A Gillen Nut and Bolt perhaps? 

All found a good home, you’ll be pleased to hear! Even I ended up salvaging a Bowling Alley in a Brief- case that I’d sort of passed up on the night before. 

I think Wil ended up doing a decent trade throughout the day, with several people acquiring a cola bottle or two to torment themselves with; several exchange puzzles and a number of special IPP31 Berlin Kugellager-ish finding enthusiastic new owners. Kevin couldn’t stop himself acquiring a sack of new Overy (?) entanglement puzzles. 
After the initial feeding frenzy calmed down, things settled back into our usual relaxed style of puzzle a bit, chat a lot, wind up Kevin, grab some coffee and cake (including some yummy Jubilee chocolate chocolate chip cupcakes that Gill sent along) and wind up Kevin some more ... although in fairness it wasn’t just Kevin that was getting wound up! The banter was up to its usual standards and there was plenty of laughter throughout the day (and it wasn’t all at Kevin’s expense, promise!).

One of the little things I’d picked out to buy myself the evening before was a Karakuri Fake Box as I didn’t have one yet and hadn’t actually ever seen one before ... Wil duly decided it was time for some fun and asked me if I’d really not opened one before – when I said I hadn’t, he suggested I try ... and the obvious happened: try as I might, I couldn’t open it – so I hypothesised out loud that it might not be a box, perhaps it was really just a block of wood made to look like a box, and the movement on the lid was just that, a little movement to confuse someone like me ... so Wil takes the box, puts it behind his back and gives it back to me with a Japanese coin duly inserted into it ... so much for the lump of wood theory ... and it then took me several minutes more before I finally found my way in... 
Flash forward half a day or so and Wil’s established that Kevin hasn’t seen one either, so he takes one out of the packaging and hands it to him, and I can see Kevin going through all the same motions that I’d gone through the night before, until he eventually declares it an alleged box as well – cue Strijbos putting the box behind his back, inserting a coin and handing it back to much mirth from the assembled masses who decided that the 10p coin inside the box now represented Kevin’s pride – so he had to retrieve it! It was his coin after all ... it turned out to be the encouragement he needed and soon enough he had the 10p out again, but not before a rather loud (sadly unprintable) “A-Ha"-ish phrase followed shortly after by loud laughter from everyone in the room, including Kevin...  if you don’t have one of these little numbers, you need one. 
Ali’s collection of Rocky's Bolts was another popular stop on virtually everyone’s tour around the tables and I was delighted to solve the last one in the set that had evaded me last time around – they really are superb little puzzles and miraculous unassuming little miracles of engineering and craftsmanship – I am going to have to get some to add to the little hoard at some point.
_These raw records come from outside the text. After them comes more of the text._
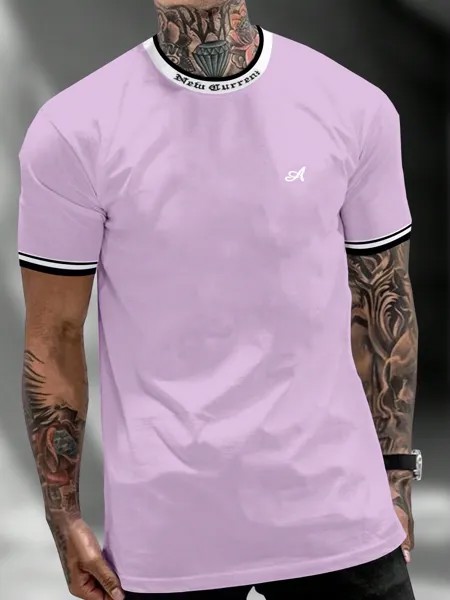 Мужская футболка с контрастным буквенным принтом Manfinity Homme и декоративной окантовкой, сиреневый фиолетовый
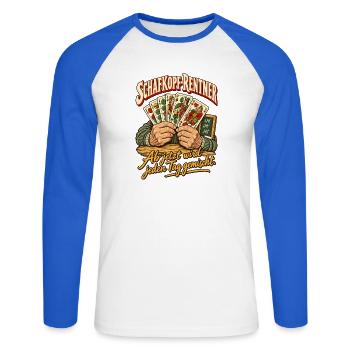 Schafkopf-Rentner Jeden Tag mischen - Unisex Baseballshirt langarm - Weiß/Royalblau - Vorne - Nik (191cm)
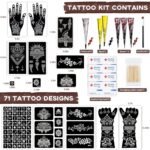 Temporary Tattoo Stencil Kit 10 Sheets, 6 Pcs Tattoo Cones 3 Color (Black/Brown/Cherry Red) with Brush/cotton swabsTool, India Art Skin Painting Designs for Women Men Kids DIY Gifts - Image 2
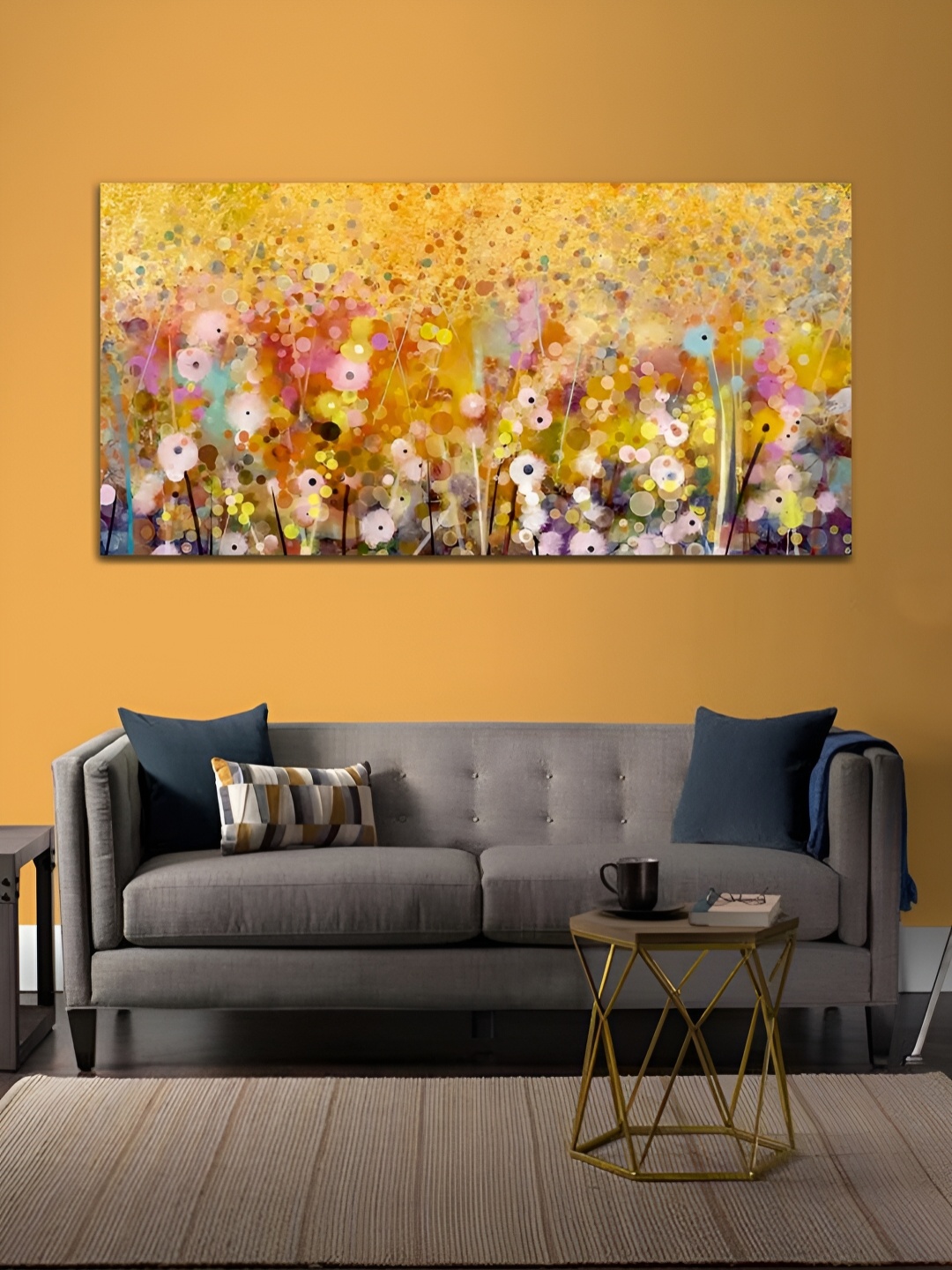 

MITHILA Handicrafts Yellow & White Flowers Canvas Painting Wall Art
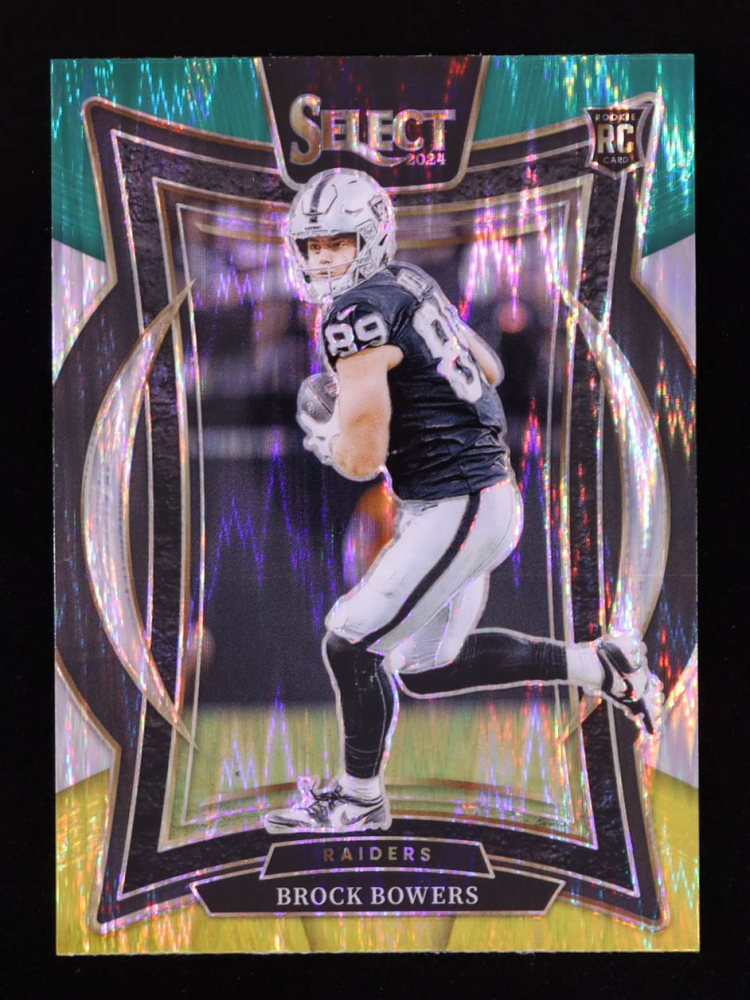 Brock Bowers 2024 Select Prizm Green and Yellow Shock #31 RC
Chris and I had identical copies of Scott Peterson’s Stellated Improved Square Face for folks to play with – although I think that Ali was the only one brave enough to take one apart entirely – although the look on his face when both Chris and I looked up at the same time and commented on the fact that he’d been braver than either of us so far, was priceless – needless to say he put it all back together perfectly.  I also had a copy of Coffin’s Involution made by Scott, and the tolerances on it are that good that it took folks who know the puzzle quite a while to find the right place to start and to get some of the pieces moving during the course of the disassembly.  (I reckon they’re that beautiful that they deserve a post of their own though, so that will be along in the near future...) 

A few folks fiddled around with my three Mine’s Cubes and Ali avoided them entirely having just acquired a set of them from Wil that morning. They really put a smile on peoples’ faces. I’d taken a couple of the Rogers along at someone’s request and I was sitting absent-mindedly fiddling with Geburt when all-of-a-sardine the ball bearing dropped out and rolled across the floor – totally befuddling me! Not one to miss an opportunity, I decided I needed a photo of the puzzle in the open position, but unfortunately I didn’t have my special £2 coin with me, and realising this might confuse my regular reader, I felt the need to improvise ... when I do eventually solve it I’ll take a better picture with the correct coin, promise. 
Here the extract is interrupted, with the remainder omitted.